In a discussion with my college classmates last year (2022), I wrote:
Thu, Dec 29, 2022, 6:22 PM
This discussion prompted me to write up my amazing language-learning experience: https://entenman.net/2022/12/29/learning-french-with-the-fsi-method
- ge
Searching my gmail for “pimsleur”, I came across the 2022 discussion, where I found a reply that I don’t recall having read:
Steven Ledbetter
Dec 29, 2022, 7:36 PM
George, I was fascinated to read your description of language learning with the FSI method. I believe that it was either designed by Paul Pimsleur or else he adopted it further as the “Pimsleur Method,’ which is now commercially available widely in a much larger number of languages. The program begins exactly the way you described your French study. Through high school and college I had studied German over 6 years (the last two of high school and all four at Pomona) with traditional classroom methods of instruction, though happily my teachers were better than one normally finds in a classroom situation. I also had a German exchange-student”sister” from Munich living with us in Tucson during the 1959-60 school year with whom I could converse in German (though she, of course, was supposed to be concentrating on English). She quickly became a “real” sister in our family and has remained so ever since. We’ve all visited one another many times over the years, and we arranged our own informal international exchange with our kids on both sides over the years. She will turn 80 on February 13, exactly two months to the day after I did.
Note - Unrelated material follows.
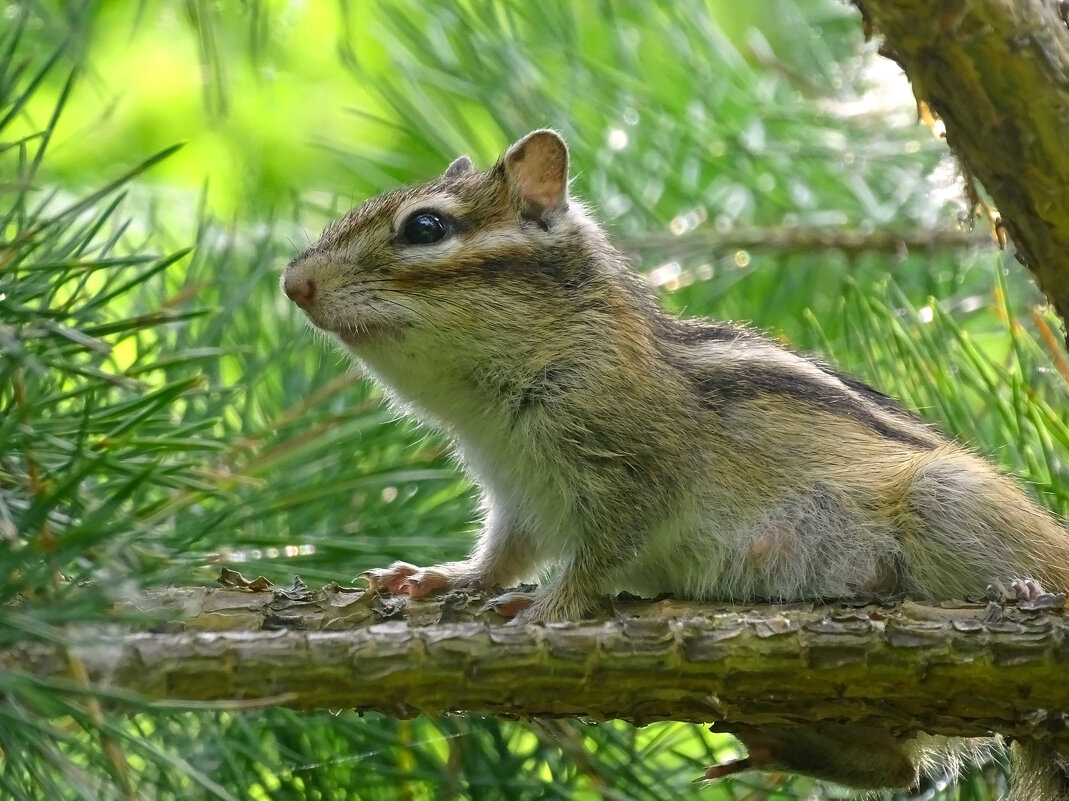 Бурундук - Valentina K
When I realized that I would be doing work in Italy for my dissertation, I had to learn that language quickly. I had a six-week intensive reading course at NYU during the summer of 1967, then spent the following academic year in NYC reading lots of stuff in Italian (and trying to appreciate the poetry of Petrarch and others that were often set to music by Marenzio, my dissertation topic). In that case, reading became fairly fluent, but conversing was pretty bad; I only grew fluent when I met a wonderful group of Italian university students at the Archivio di Stato in Modena, where I did most of my research. I was the first American they had gotten to know, and we spent daily coffee breaks, train rides back and forth from our homes in neighboring towns, and regular lunches simply talking all the time–in Italian, happily for me. They taught me 90% of my Italian fluency.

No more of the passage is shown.